1930s Style Debt Defaults?

1930s_breadlineA sometime gold-coin buyer and a frequent reader of Bankers Anonymous sent me a message a few days ago, linking to the CNBC headline “1930s-style debt defaults likely, says IMF,” and with the simple question: “Mike – True?”

Harvard economists Carmen M. Reinhart and Kenneth S. Rogoff’s latest paper, commissioned by the IMF and published in December 2013, re-raises the specter of sovereign default in the so-called ‘developed world,’ warning of restructuring, restrictive capital controls, and debt write-offs.

Their paper was rewarded and echoed with headlines from Business Insider like “Extreme Debt Means 1930s-Style Defaults May Be Coming to Much of the Western World” and CNBC’s “1930s-style debt defaults likely, says IMF,” the headline that prompted my reader’s email to me.

This seemed like a great opportunity to reflect on the problem of different, confusing, contradictory messages constantly streaming from the Financial Infotainment Industrial Complex.

Academia, Click-bait, and Markets

Those headlines, loosely based on the Reinhart and Rogoff IMF paper, are a great example of the giant gulf between financial academia, click-bait, and actual markets.
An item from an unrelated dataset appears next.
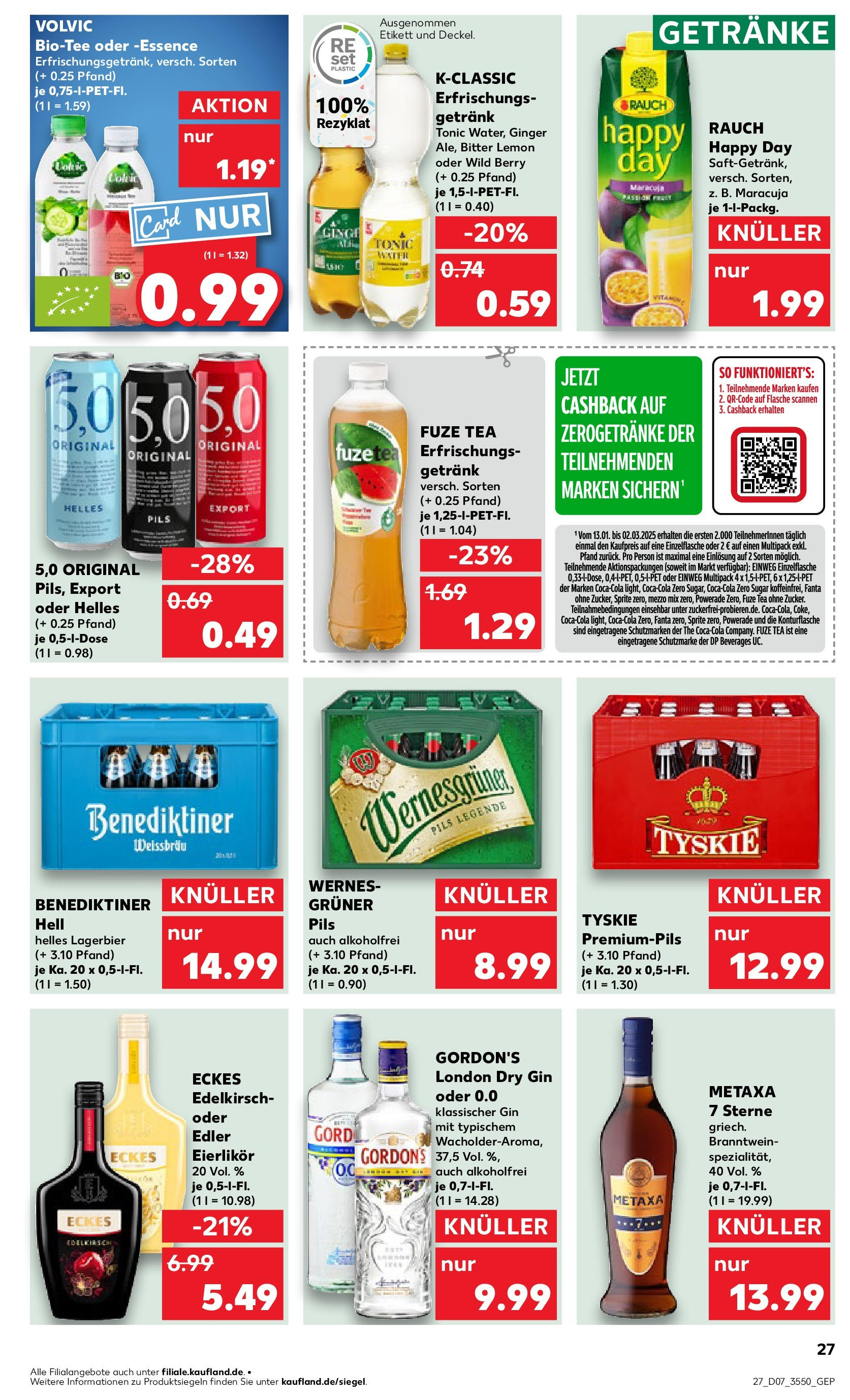 Kaufland - Berlin-Reinickendorf, Ollenhauerstraße 122 (ab 13.02.2025) » Angebote Online zum Blättern | Seite: 27 | Produkte: Mezzo mix, Fanta, Sprite, Pils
Each information source follows its own rules and logic – but mixed up together provide a cacophony of worse-than-useless dis-information.
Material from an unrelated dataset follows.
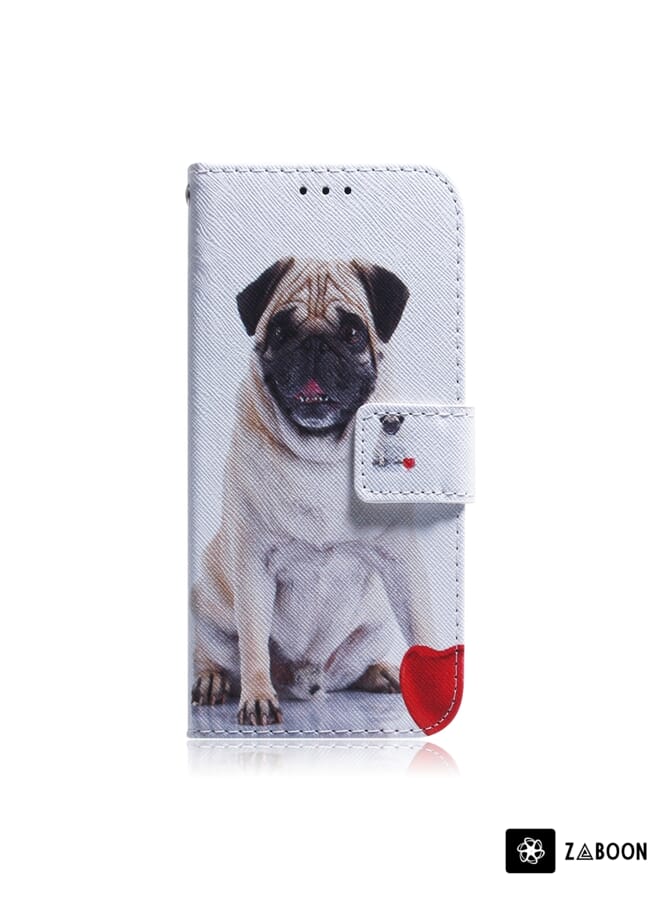 Zaboon Protective Case For TCL 408 Coloured Drawing Flip Leather - Image 2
First, academia on its own terms

Professors of international economics should consider a wide variety of scenarios, and they should present historical data, as Reinhart and Rogoff have done, with their book This Time is Different: Eight Centuries of Financial Folly.

[I confess I have not yet read this, but I suspect I will find this a useful addition to other books I have enjoyed on sovereign debt defaults, such as A Century of Debt Crises in Latin America: From Independence to The Great Depression 1820-1930 by Carlos Marichal.]
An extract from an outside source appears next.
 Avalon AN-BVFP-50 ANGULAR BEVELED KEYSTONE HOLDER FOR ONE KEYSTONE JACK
I enjoyed the Reinhart and Rogoff paper, with its useful historical data, reminding readers that sovereign debt defaults in Europe are not particularly rare.  In addition, sovereign defaults sometimes come hidden in sheep’s clothing – as when a combination of capital controls, high inflation, or forced ‘savings’ from captive sources such as workers’ pensions effectively bail out overly indebted governments.

As a former emerging markets bond guy I read Reinhart and Rogoff’s work with much interest.  Here’s a summary of their main points, and my reactions:

  1. Drastic sovereign debt restructurings are historically more common than many realize, and come in a variety of forms.  [Totally agree]
  2. Financial repression, while brutal and inefficient, probably reduces financial excess, and therefore financial crises.   [Totally agree]
  3. The 5 year-old crisis we are in will involve more explicit restructuring of sovereign debt in the so-called ‘developed’ world, presumably peripheral Europe.  [Mmm. Squinting. That depends.  Doubtful.]
  4. We will see a return of ‘financial repression’ in the ‘developed world.’ [I see no evidence of this.  Or, I guess it depends how you define ‘financial repression.’]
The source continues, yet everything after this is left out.